Jumat, 07 Januari 2011

imam syafi'i tentang tahlil dan sejenisnya

Tahlilan merupakan sebuah majelis yang berisi dzikir-dzikir yang masyru’, do’a, shalawat serta pembacaan al-Qur’an yang bertujuan untuk merahmati mayyit dengan pahala yang dihadiahkan kepada mayyit. Sangatlah tidak mungkin apabila Imam kita yakni Imam asy-Syafi’i
mengharamkan tahlilan, tidak mungkin Imam asy-Syafi’i mengharamkan do’a, dzikir, shalawat dan bacaan al-Qur’an. Imam kita sangat bijaksana, ahli hadits dan luas ilmunya, penolong sunnah Nabi. Jadi, tidak akan mudah mengharamkan sesuatu yang tidak diharamkan oleh Allah dan Rasul-Nya.

Sebagian orang telah mengutip dan memahaminya secara membabi buta terkait ucapan Imam asy-Syafi’ rahimahullah yang terdapat dalam kitab al-Umm berikut ini :

وأكره المأتم، وهي الجماعة، وإن لم يكن لهم بكاء فإن ذلك يجدد الحزن، ويكلف المؤنة مع ما مضى فيه من الأثر
“aku menghukumi makruh Ma’tam, dan yakni sebuah kelompok, dan walaupun tidak ada tangisan bagi mereka sebab sesungguhnya itu memperbaharui kesedihan dan membebani biayai beserta apa yang pernah terjadi”.

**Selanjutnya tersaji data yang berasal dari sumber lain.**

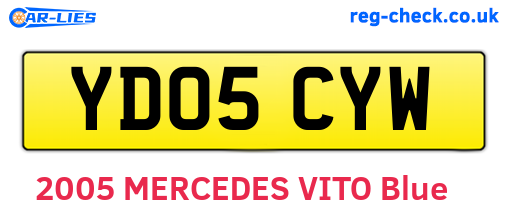 YD05CYW are the vehicle registration plates.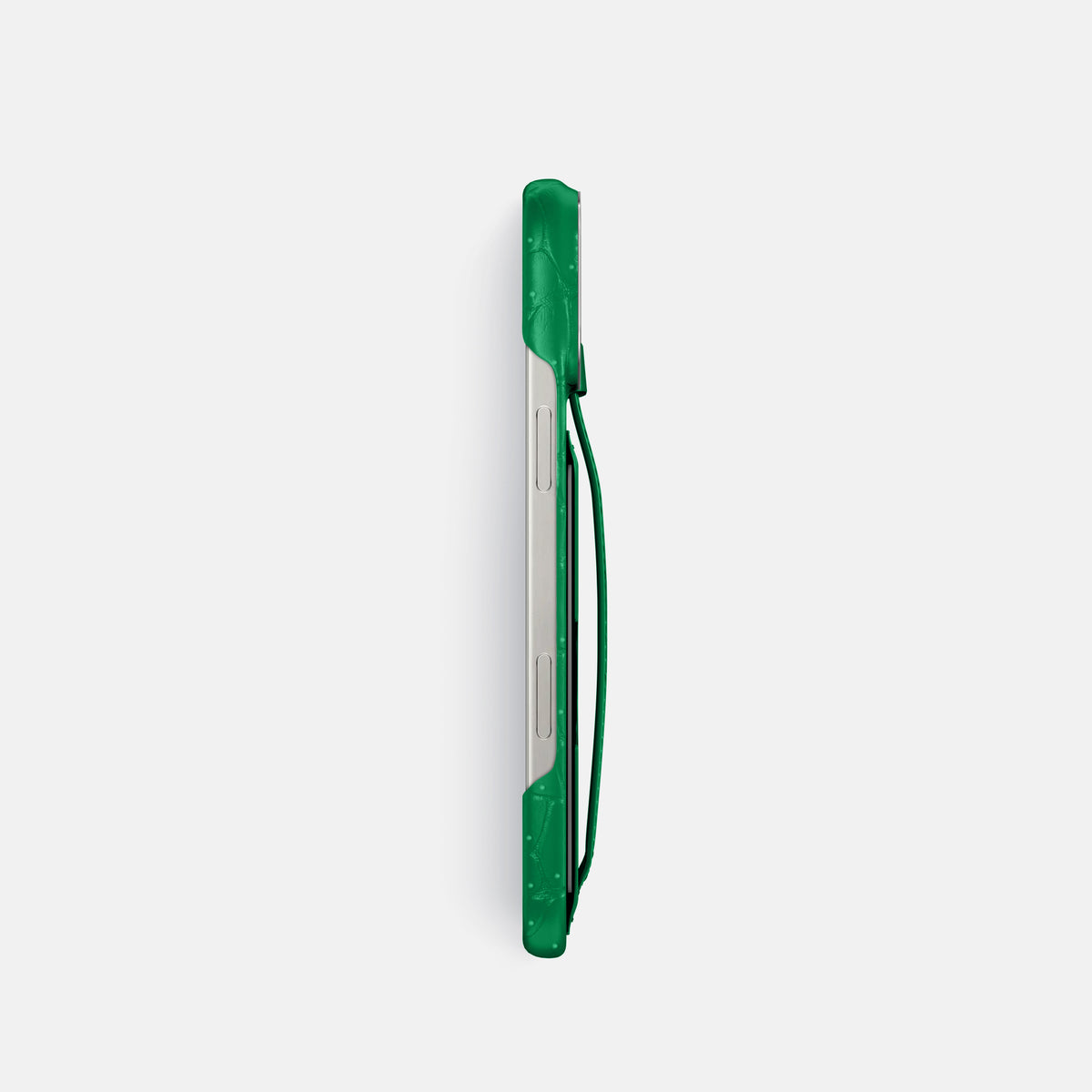 Cactus-Green iPhone 16 Pro Cardholder Strap Case Porosus Crocodile with Steel Metal -3 | Cactus-Green-Steel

Dari kutipan ini, sama sekali tidak ada ucapan Imam asy-Syafi’i yang mengharamkan tahlilan. Jadi, darimana isu-isu yang mengharamkan tahlilan dengan berdalil ucapan Imam asy-Syafi’i ? Mana ucapan Imam asy-Syafi’i yang mengharamkan mendo’akan muslim yang meninggal dunia, mana ucapan Imam asy-Syafi’i yang mengharamkan menghadiahkan bacaan al-Qur’an untuk muslim yang meninggal dunia, mana pula ucapan Imam asy-Syafi’i yang mengharamkan semua itu yang dilakukan dikediaman ahlul mayyit ? Jelas, ini salah satu bentuk untuk memecah belah umat Islam terutama untuk menghancurkan pondasi madzhab Syafi’i yang memang paling banyak di anut kaum Muslimin termasuk paling banyak di anut oleh Dzurriyah Nabi shallallahu ‘alayhi wa sallam.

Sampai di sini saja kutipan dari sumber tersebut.